Lionel Lhote campe un Germont autoritaire, voire féroce. La projection de la voix et la souplesse de la ligne de chant impressionnent : le baryton semble chanter ce rôle avec une aisance déconcertante. Cependant, et malgré des aigus brillants et généreux (le chanteur ose même un si bémol tenu à la fin de son échange avec Alfredo) l'interprétation du personnage est assez classique mais subtilement nuancée.
L’Annina franche de Julie Pasturaud est d’autant plus intéressante que le personnage est une domestique scrupuleuse dans son travail et en retrait des émotions de sa maîtresse, loin d’une vision maternelle convenue. Ambroisine Bré est une Flora sensuelle et superficielle dotée d’un timbre brillant et d’un chant taquin. Alex Rosen est un docteur noble et plein d’une discrète compassion, Jérémy Duffau un Gaston espiègle et dandy à souhait, Marc Scoffoni un baron Douphol sec à la voix superbement projetée.

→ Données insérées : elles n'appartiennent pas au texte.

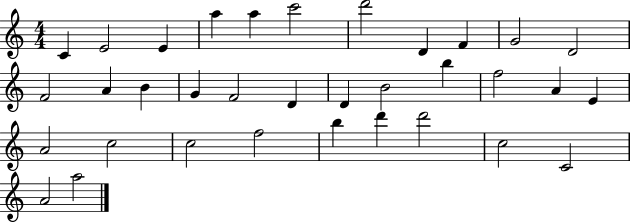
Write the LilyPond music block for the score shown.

Tous, avec le marquis révérencieux de Tristan Hambleton apportent aux scènes festives de belles voix, expressives et fortes. Clément Godart (Messager) et Woosang Kim (Giuseppe) parviennent à singulariser leurs personnages pourtant très en retrait.
Les règles sanitaires obligeant, le chœur est contraint de respecter les distances de rigueur. Le balcon derrière la scène lui est donc réservé, le détachant ainsi de l’intrigue tel un chœur grec commentant l’action. Le son est homogène, rond et nuancé et les pupitres respectent avec précision les indications du compositeur. La direction de Paul Daniel est très à l’écoute des chanteurs, au détriment parfois du rythme de l’action. “Di Provenza il mar, il suol” est ainsi prit très lentement par exemple, permettant certes au baryton de belles nuances mais détachant l’air de l’action englobante. Néanmoins les choix sont souvent d’une grande justesse mettant l’accent sur la noirceur qui peu à peu s'empare de l’orchestre comme la maladie prend le pas sur les réjouissances du premier acte. L’accompagnement musical entre ainsi en résonance avec la vision du metteur en scène et réciproquement. Ce travail musical et scénique permet d’offrir un dernier acte d’une grande force dramaturgique où Violetta, chauve, hagarde, arrachant les cheveux de sa poupée, se perd dans son désespoir tandis qu'Alfredo et son père, effrayés de la voir dans cet état, reculent face à l’horreur de la scène. Violetta dépérit seule, meurt esseulée, uniquement accompagnée par un orchestre qui semble lui aussi s’étioler face à l’irrévocable réalité. La maladie a rongé la vie rêvée de Violetta sur scène, elle a également contraint l'équipe de l’Opéra de Bordeaux et tous les actants du spectacle à de nombreux sacrifices hors scène : dans la salle, le public se lève pour applaudir avec ferveur ce dévouement, la catharsis a opéré.